* _Task inputs_
—————

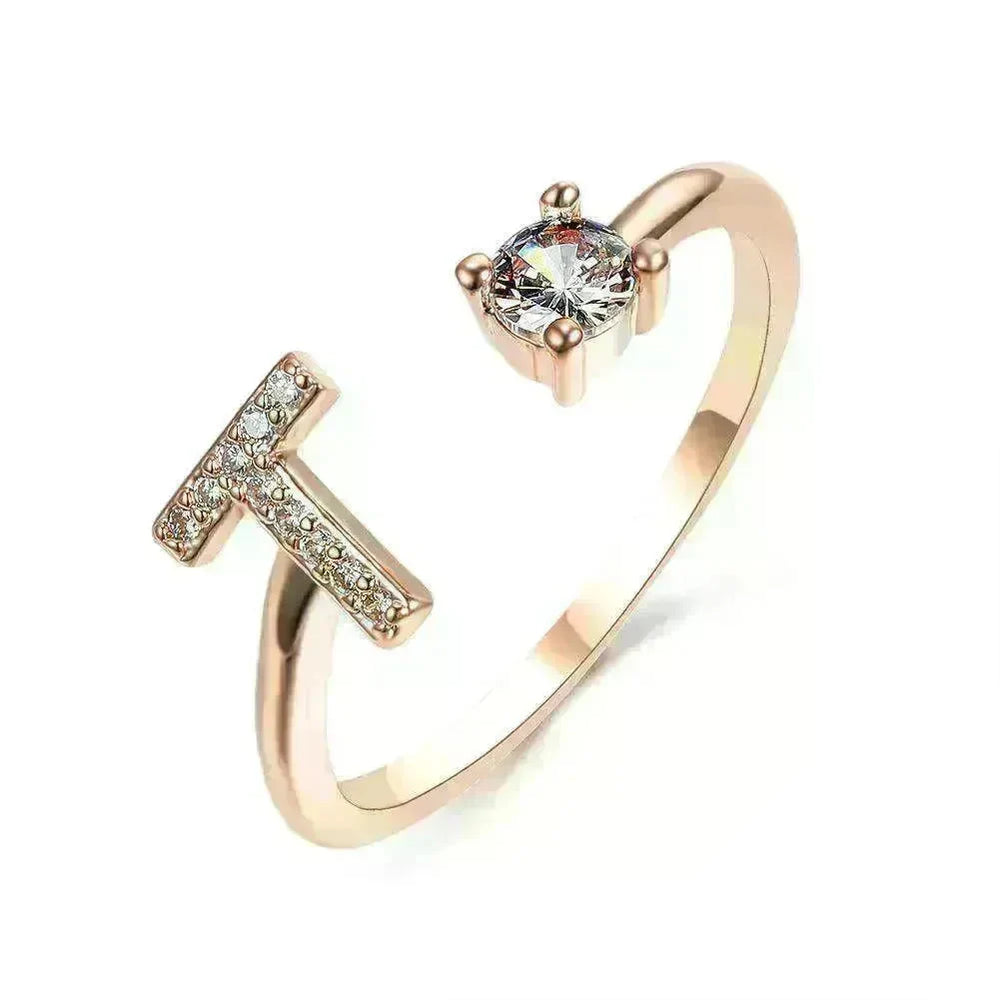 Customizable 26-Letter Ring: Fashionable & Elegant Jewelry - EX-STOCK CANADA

—————

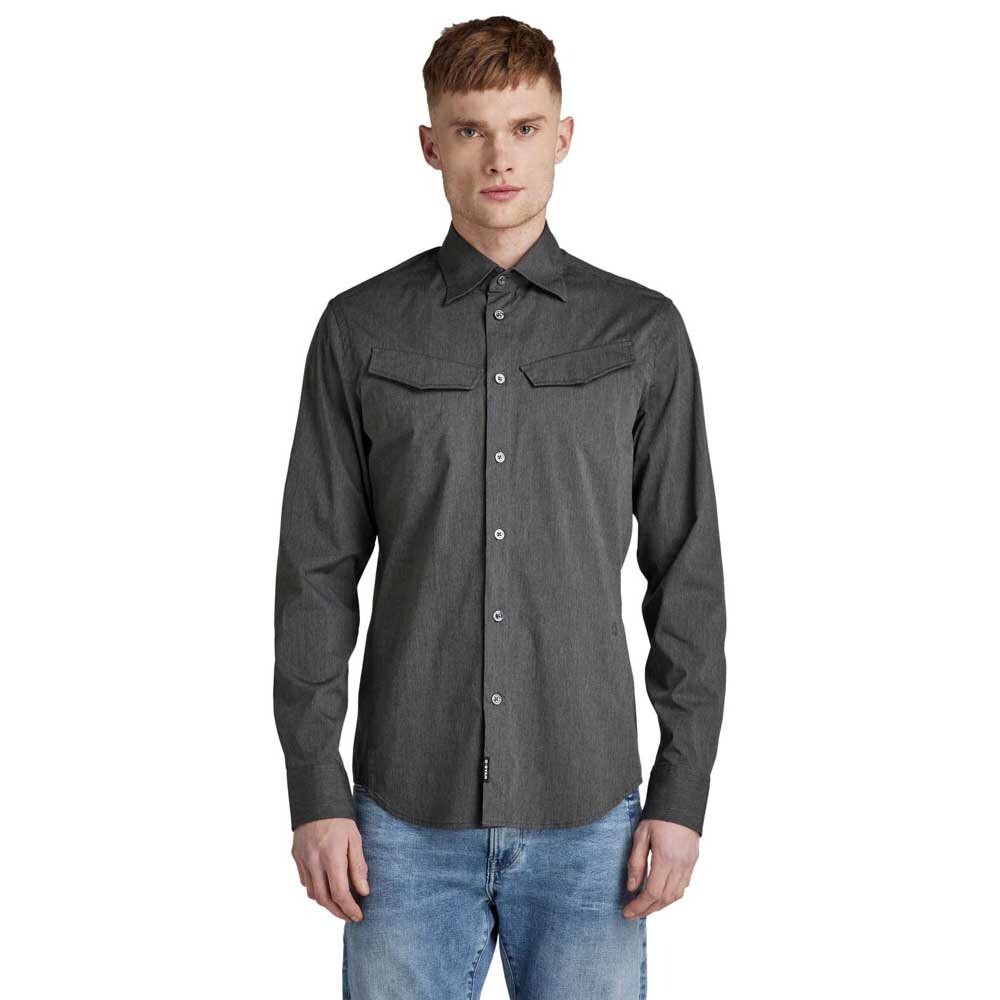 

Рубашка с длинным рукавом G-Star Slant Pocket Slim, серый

—————

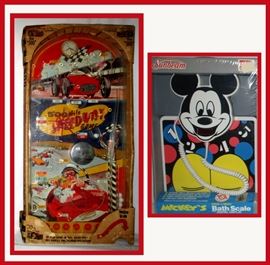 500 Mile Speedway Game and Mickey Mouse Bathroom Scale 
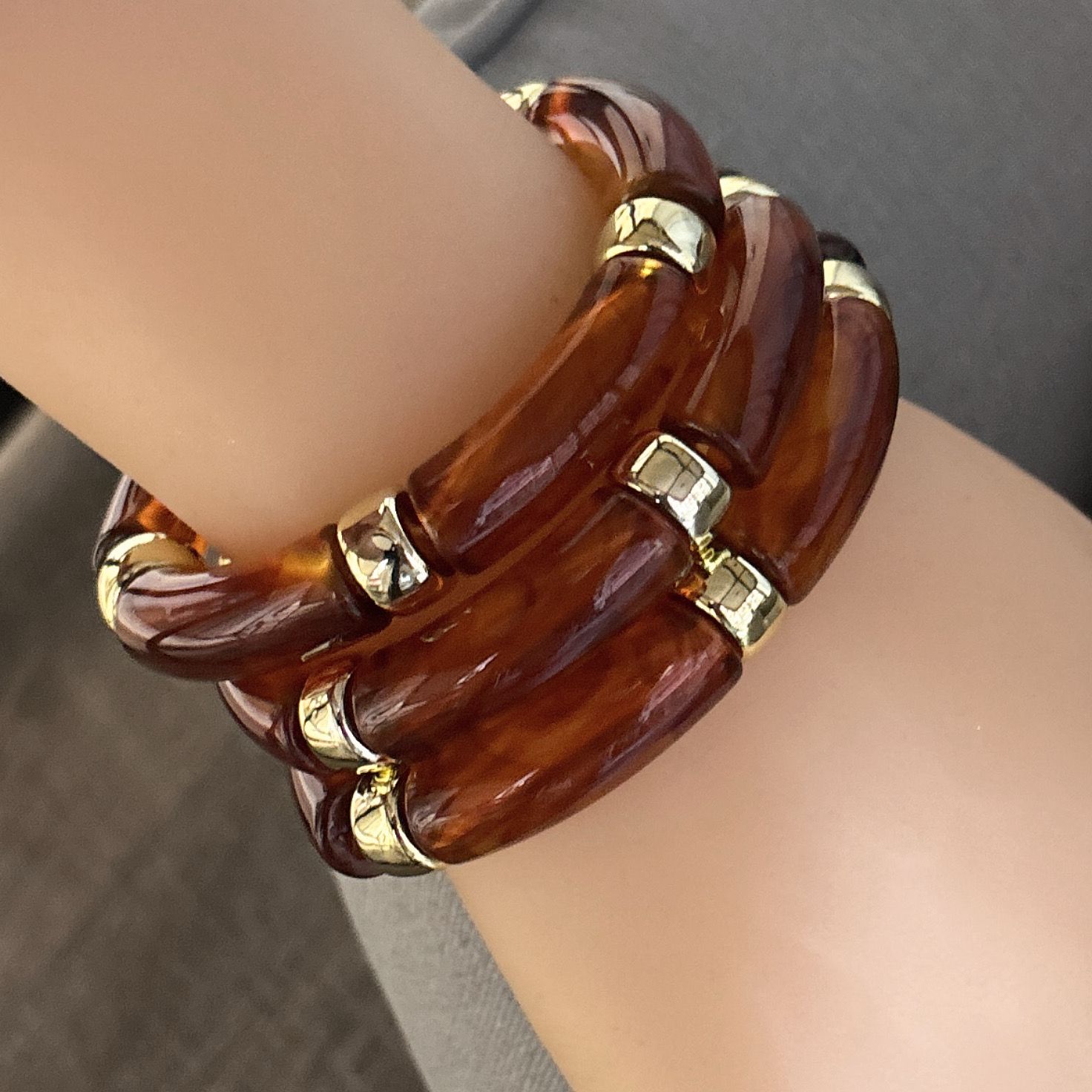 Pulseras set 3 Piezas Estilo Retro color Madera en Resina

—————

* _Work instructions_
Your output should be the lines above from the one that contains "500 Mile Speedway" through the one that contains "Pulseras set 3", word for word, with pictures left out.

* _Response area_
 500 Mile Speedway Game and Mickey Mouse Bathroom Scale 
 Pulseras set 3 Piezas Estilo Retro color Madera en Resina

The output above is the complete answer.